Во втором анекдоте, “Двадцати минутах с ангелом”, продолжаются и тема маски, и тема нравственной невменяемости: шутовская выходка двух похмельных экспедиторов приводит к чисто театральному явлению “ангела”, предлагающему безвозмездно сто рублей и театральным же реакциям всех обитателей гостиницы “Тайга”, каждый из которых ведет свою “арию”, и все они звучат одновременно. Показательно, что жильцы гостиницы “Тайга” представляют самые разные социальные группы — тут и интеллигенты (скрипач Базильский) и “пролетарии” (шофер Анчугин, экспедитор Угаров), тут и старшее поколение (коридорная Васюта) и младшее (пара студентов-молодоженов), но все они сходятся в том, что человек не может просто так, без злого умысла, подарить незнакомым людям сто рублей (“просто так ничего не бывает”), и все они соучаствуют в страшноватой сцене, в которой “ангела” Хомутова привязывают к стулу и подвергают натуральному допросу. Неверие в возможность бескорыстного добра — вот что создает эту “эпическую ситуацию” навыворот — не ценности, а глубочайшее разочарование в идеалах, вот что объединяет людей. Когда же выясняется, что “ангел” Хомутов — может быть, более грешен, чем все они вместе, и что деньги, которые он предлагает двум похмельным командировочным, он пять лет забывал отправить матери, которую он только что похоронил, — вот тут наступает катарсис всепрощения и братанья. Но это иронический катарсис: и то, что все включаются в пьянку, и то, что Хомутов ободряет себя пошлой риторикой (“Да нет, товарищи, ничего, ничего. Жизнь, как говорится, продолжается”), и то, что все только что скандалившие голоса и даже скрипка Базильского сливаются в песне об одичании (“… бежал бродяга с Сахалина звериной, узкою тропой”), — всё это подчеркивает невозможность подлинного очищения. В “Провинциальных анекдотах” Вампилов, быть может, острее, чем где-либо, зафиксировал распад нравственного сознания не как проблему отдельных индивидуумов, а как норму, определяющую существование всего общества в целом.
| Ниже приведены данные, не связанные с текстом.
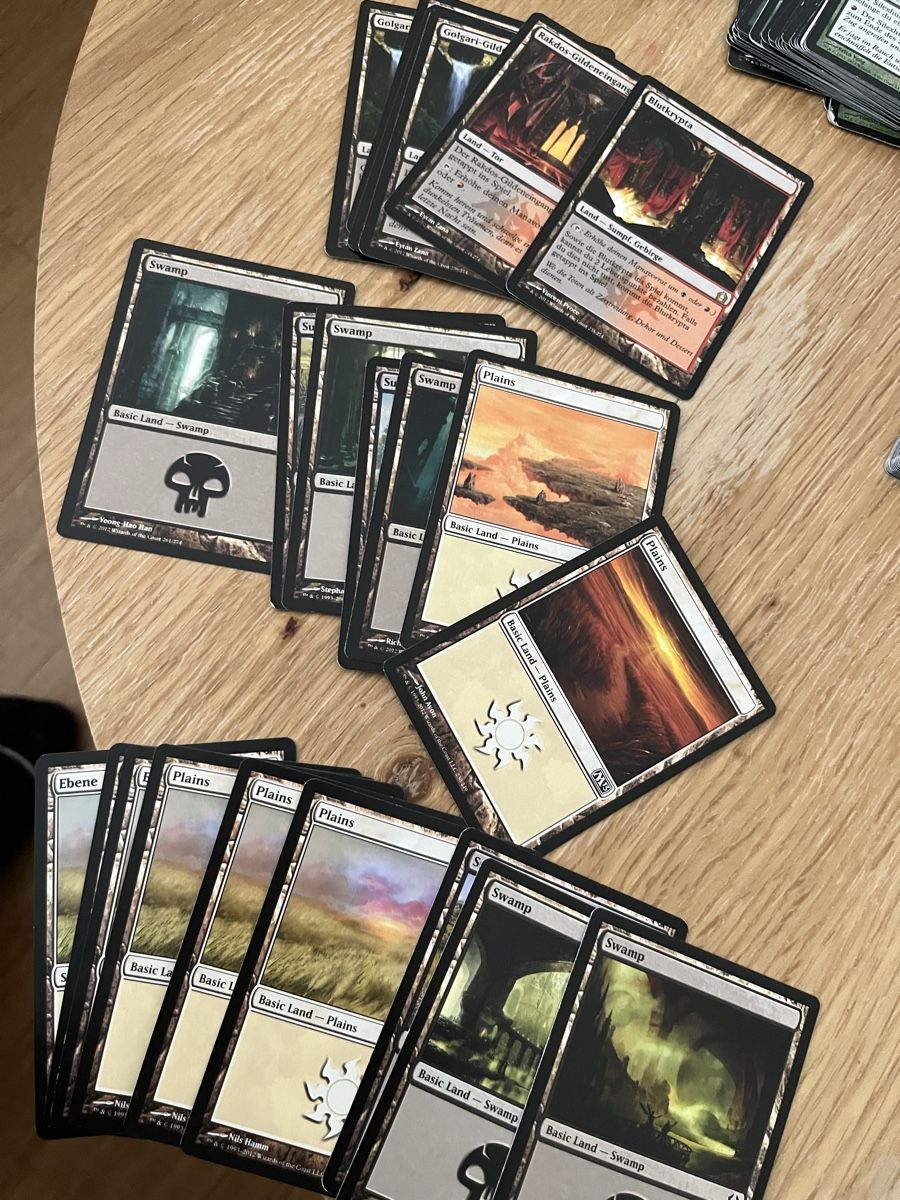 Giochi: Magic: The Gathering Sammlung – ca. 380 Karten + Deckboxen + – Usato da Zollikerberg venduto da robinho_ 7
Именно в этом контексте следует воспринимать “Утиную охоту” (1971) — центральный персонаж которой, Виктор Зилов, в полной мере отвечает характеристике “герой нашего времени”, представляя собой “портрет, составленный из пороков всего нашего поколения в полном их развитии”5. К нему подходят и классические характеристики “лишнего человека” (на это впервые обратил внимание критик Вик. Топоров): так же, как Печорин, “бешено гоняется он за жизнью”, стремясь реализовать свой недюжинный личностный потенциал, точно так же тоскует по чистому идеалу (мотив “утиной охоты) и, не находя соответствия своим мечтам в реальности, мстительно разрушает всё вокруг, не находя иного применения своей энергии, кроме “экспериментальных романов”, злых шалостей и саморастраты (кстати, сознательная ориентация Вампилова на лермонтовский шедевр подчеркивается еще и тем, что бывшую возлюбленную Зилова, как и бывшую возлюбленную Печорина, зовут Верой). Критиками отмечалась сверхтекучесть характера Зилова в сочетании с яркостью и талантливостью. Он самый свободный человек во всей пьесе — и именно поэтому он способен на самые непредсказуемые и самые циничные поступки, поскольку у него отсутствуют всякие сдерживающие тормоза. Он явственно продолжает тип “исповедального” героя “молодежной прозы”, артистически создавая атмосферу крайней душевной откровенности вокруг себя, но отличить действительную искренность от игры в искренность (сцена с Галей, когда они пытаются “повторить” их первое свидание) в его случае совершенно невозможно. Зилов — это победительный герой шестидесятых, которому нет места в тусклом безвременье надвигающегося “застоя”, — именно эту, социологическую, сторону своего персонажа имел в виду Вампилов, когда писал о “потерянном поколении”. Его аморальность — это бунт против псевдоморали; как говорит сам Зилов в кульминационной сцене пьесы: “Ах да! Конечно! Семья, друг семьи, невеста — прошу прощения!.. (Мрачно) Перестаньте. Кого вы тут обманываете? И для чего? Ради приличия?.. Так вот, плевать я хотел на ваши приличия. Слышите? Ваши приличия мне опротивели”.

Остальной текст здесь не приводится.